Last updated 09:31 08/05/2012

Isaac Butterworth left a considerable sum of money when he died on June 10, 1913 at the age of 80. His wife Emma beat him to the grave by two years and there were no children for the estate to pass on to. But Isaac documented his final wishes in the months before his death to make sure a nephew and several organisations would benefit.

A little more attention to detail would have made the resulting process a lot smoother.

Among the beneficiaries listed in his will was the Northowram Orphanage near Halifax in Yorkshire where Isaac and a brother were apparently raised.
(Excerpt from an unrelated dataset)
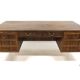 Scandinavian Rosewood Desk, Denmark, 1950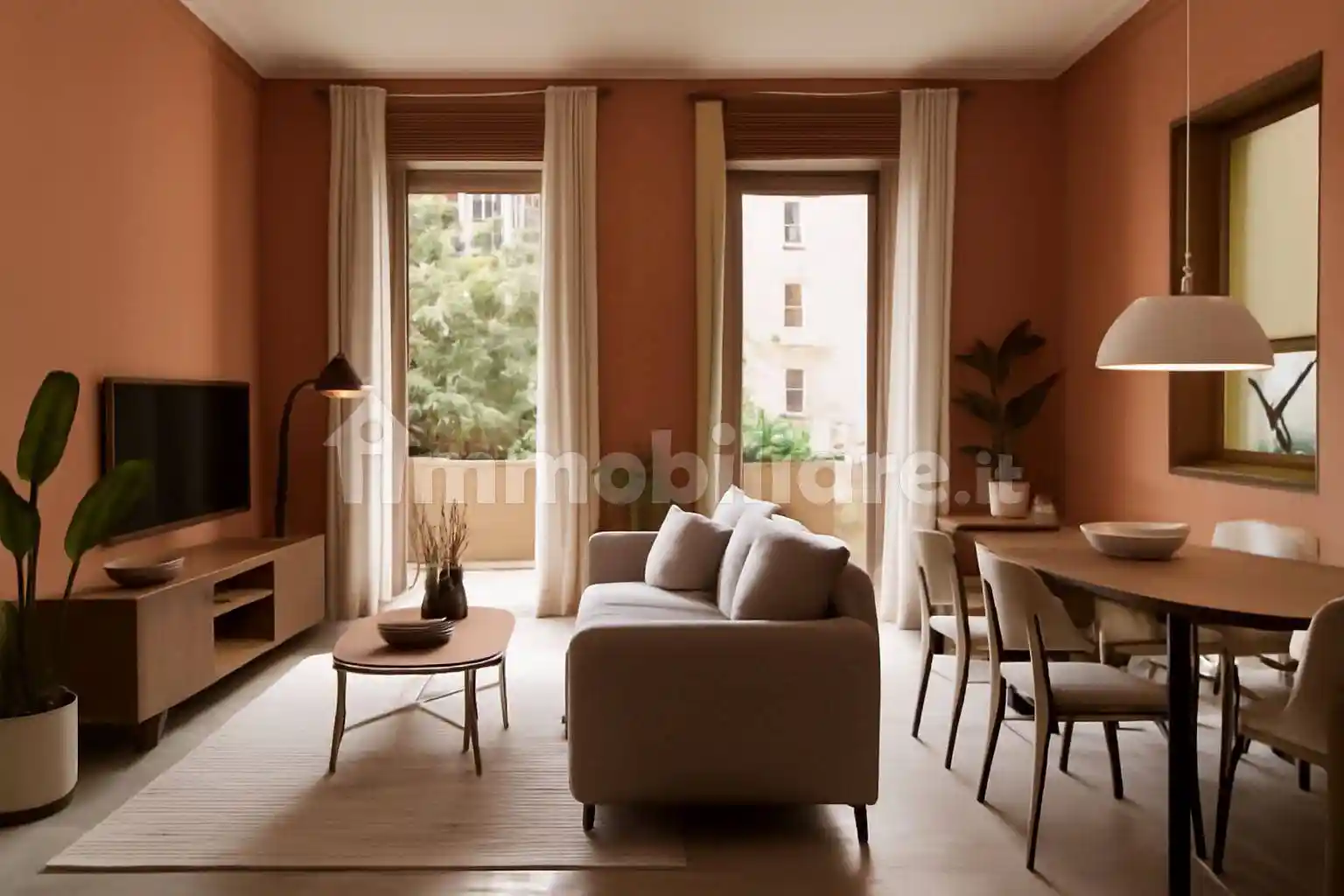 Appartamento in vendita a Piacenza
Isaac's executors failed to find the facility and 1000 was left unallocated.

The problem, it seems, was in the name.

No Northowram Orphanage existed and a couple of contenders bore very different titles that had changed numerous times in the 40 years since Isaac left the United Kingdom. Whether the mystery was ever solved is not clear.

But the case certainly made headlines in New Zealand and England.

The execution of Isaac's will here was less complicated.

Charities benefiting from his generosity included the Church of England Orphanage at Papatoetoe, the Remuera Children's Home, a similar institution at Richmond Rd in Ponsonby and the Beresford Street Congregational Church.

All received between 500 and 900 each.

Isaac immigrated to New Zealand around the early 1870s and settled in the Northern Wairoa where he took up farming.

He was soon on the hunt for a prospective wife and wrote home to Northowram to see if friends there could assist. His wish, he said, was to marry a girl from his native town.

Emma Briearley put up her hand and made the voyage out to New Zealand for a wedding with Isaac on September 10, 1879.

The Butterworths moved to the Glen Eden area during the 1890s and bought a farm.

Both are buried at Waikumete Cemetery.